Electronic structure studies of Fe- ZnO nanorods by x-ray absorption fine structure

TL;DR

This study investigates the electronic structure of Fe-doped ZnO nanorods using X-ray absorption fine structure, revealing Fe substitution at Zn sites and mixed valence states, with implications for their structural and electronic properties.

Contribution

It provides detailed insights into the local electronic and structural environment of Fe in ZnO nanorods, highlighting Fe substitution and valence states using XAFS analysis.

Findings

Fe ions replace Zn ions in the ZnO lattice.

Fe exists in mixed valence states (Fe3+/Fe2+).

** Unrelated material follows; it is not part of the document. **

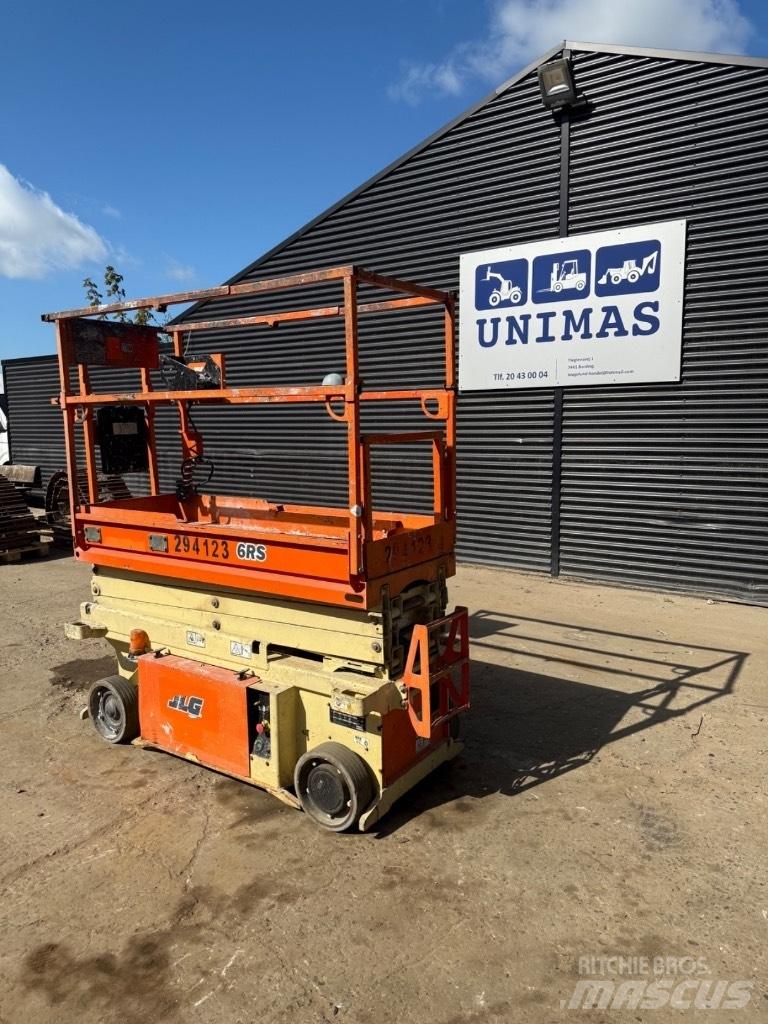 JLG 6 RS Nacelle ciseaux
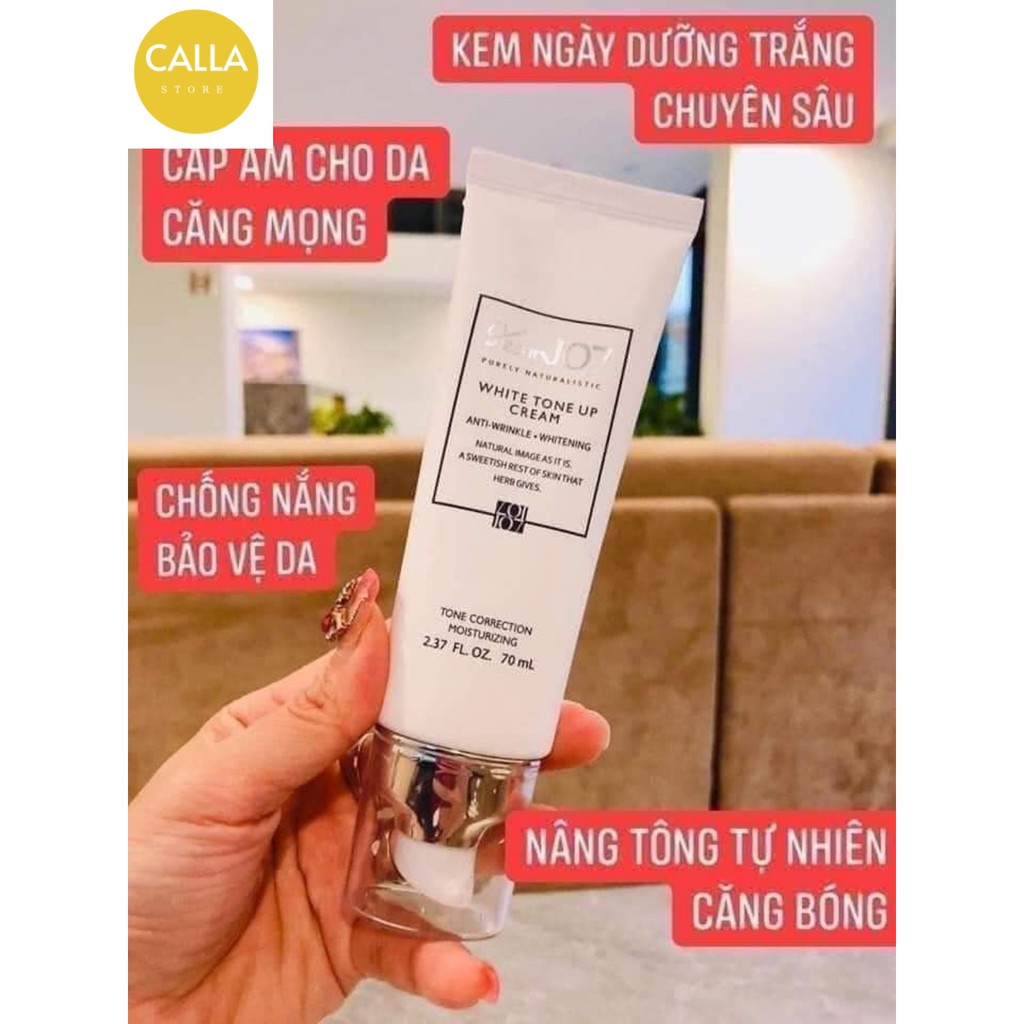 KEM DƯỠNG TRẮNG NÂNG TONE BAN NGÀY STEAM J07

Fe substitutes Zn in tetrahedral symmetry.

Abstract

We report the electronic structure studies of well characterized polycrystalline Zn_{1-x}Fe_xO (x = 0.0, 0.01, 0.03, and 0.05) nanorods synthesized by a co-precipitation method through x-ray absorption fine structure (XAFS). X-ray diffraction (XRD) reveals that Fe doped ZnO crystallizes in a single phase wurtzite structure without any secondary phase. From the XRD pattern, it is observed that peak positions shift towards lower 2\theta value with Fe doping. The change in the peak positions with increase in Fe contents clearly indicates that Fe ions are replacing Zn ions in the ZnO matrix. Linear combination fittings (LCF) at Fe K-edge demonstrate that Fe is in mixed valent state (Fe3+/Fe2+) with a ratio of ~ 7:3 (Fe3+:Fe2+). XAFS data is successfully fitted to wurtzite structure using IFEFFIT and Artemis. The results indicate that Fe substitutes Zn site in the ZnO matrix in tetrahedral symmetry.